## Problem to solve
The response should repeat word for word every line below from the one with "Knitted Sweater To" to the one with "Wmark Ng-103plus Şarjlı", inclusive, and nothing else; leave pictures out.

## Information provided
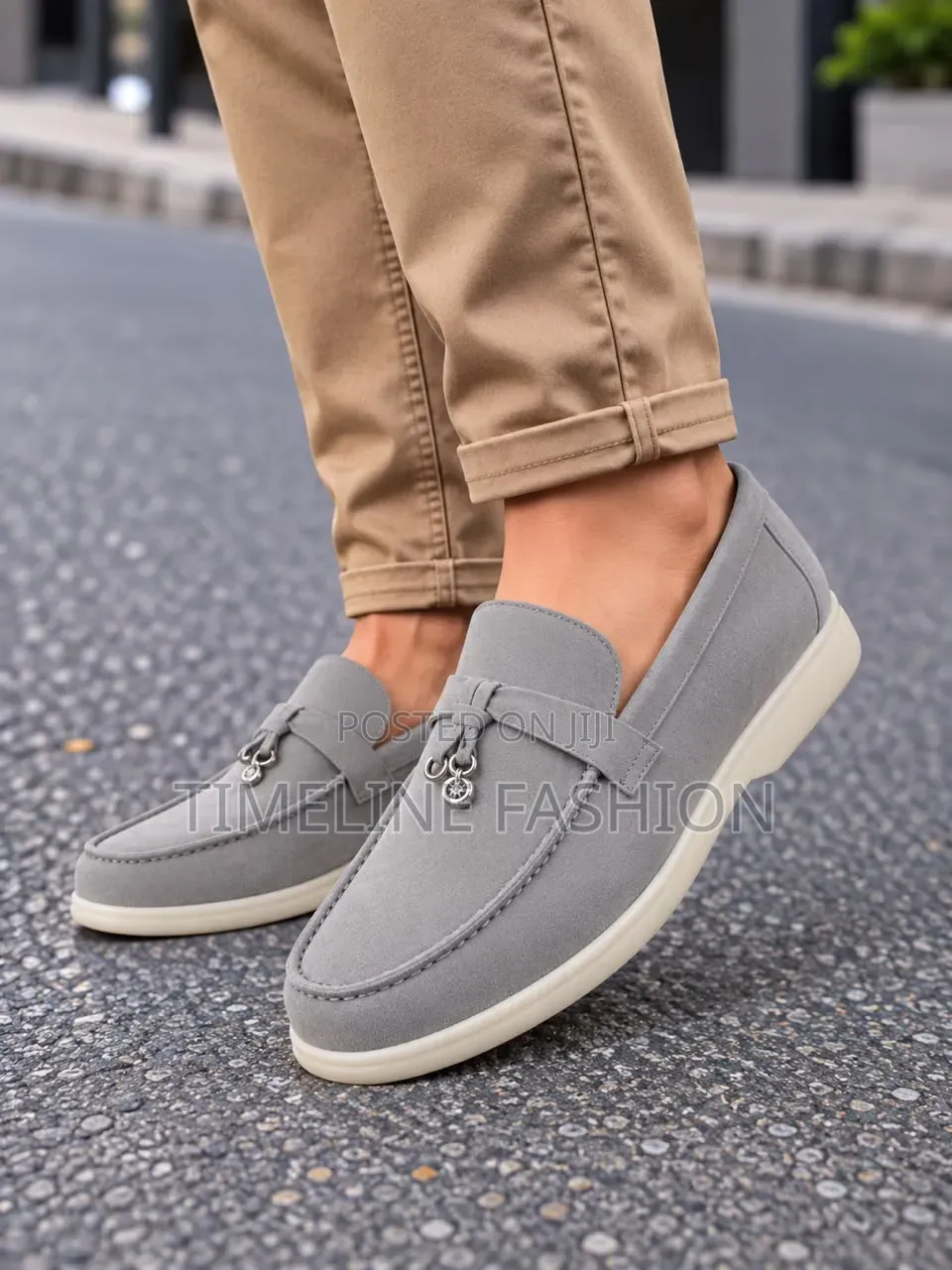 Light Grey Loro Piana Fashionable Men's Suede Loafers
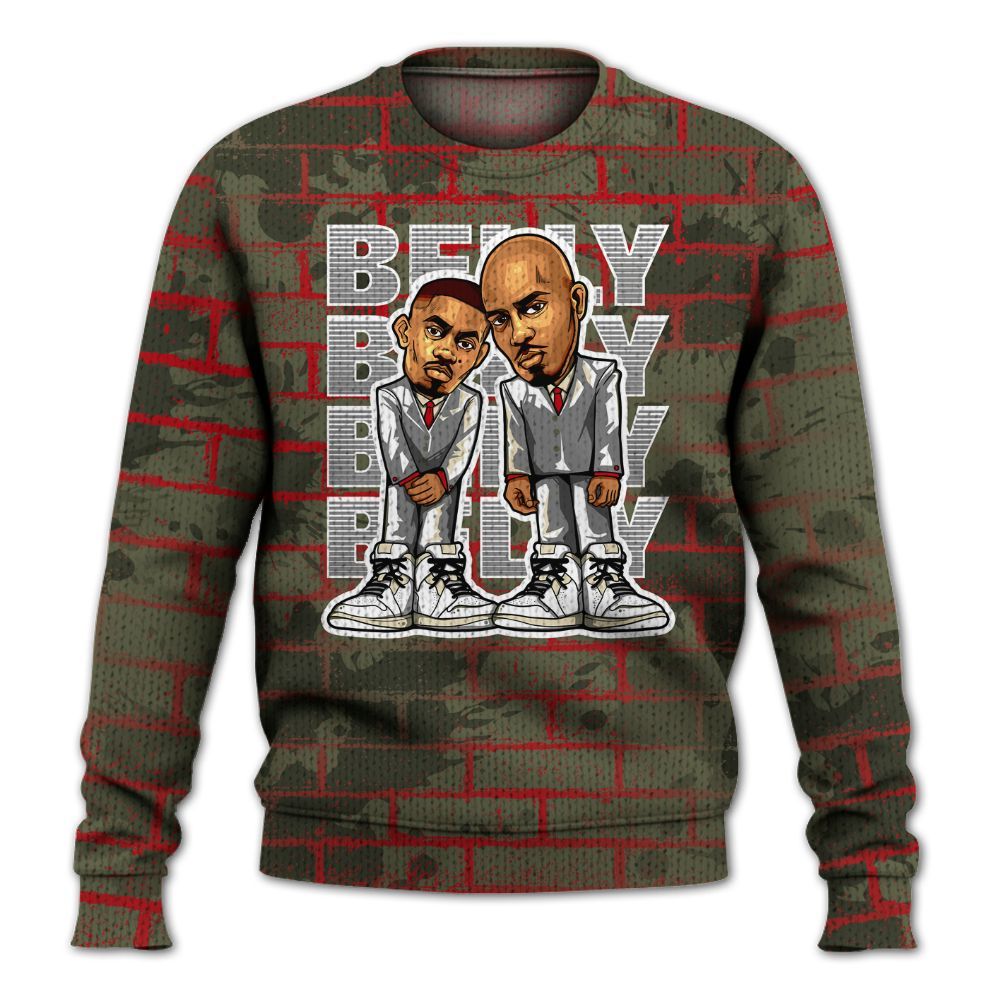 Knitted Sweater To Match Travis Scott Low OG Medium Olive 1s - Belly Sneakers Graphic Halloween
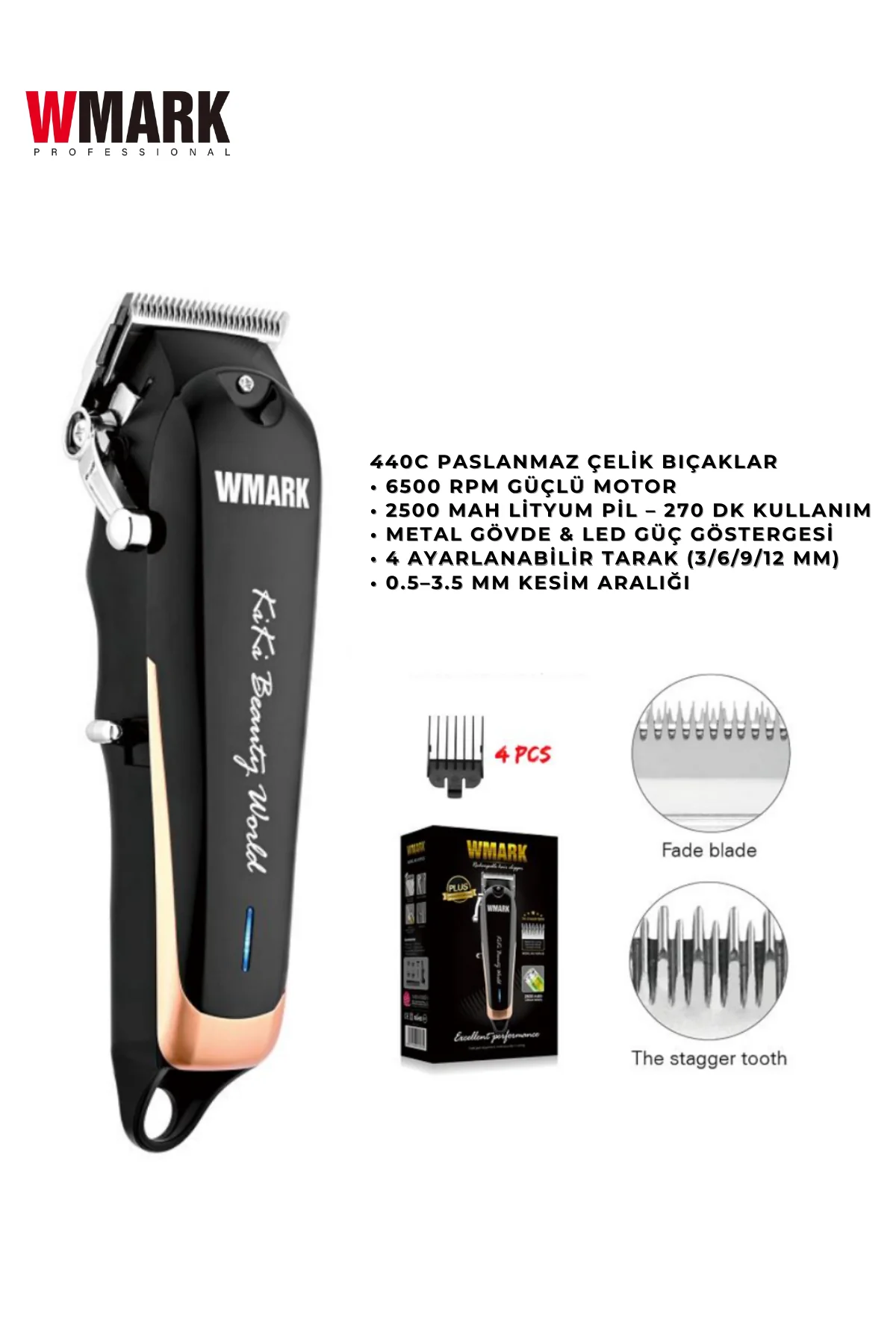 Wmark Ng-103plus Şarjlı Saç Kesme Makinesi Yüksek Performans, Uzun Ömürlü Bıçak 3 - 4 Saat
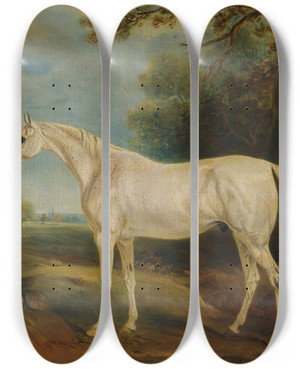 Triptych art skateboard deck of John Ferneley The Marquess Of Huntlysfleabitten Grey Hunter by John Ferneley (1782-1860)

## Your solution
 Knitted Sweater To Match Travis Scott Low OG Medium Olive 1s - Belly Sneakers Graphic Halloween
 Wmark Ng-103plus Şarjlı Saç Kesme Makinesi Yüksek Performans, Uzun Ömürlü Bıçak 3 - 4 Saat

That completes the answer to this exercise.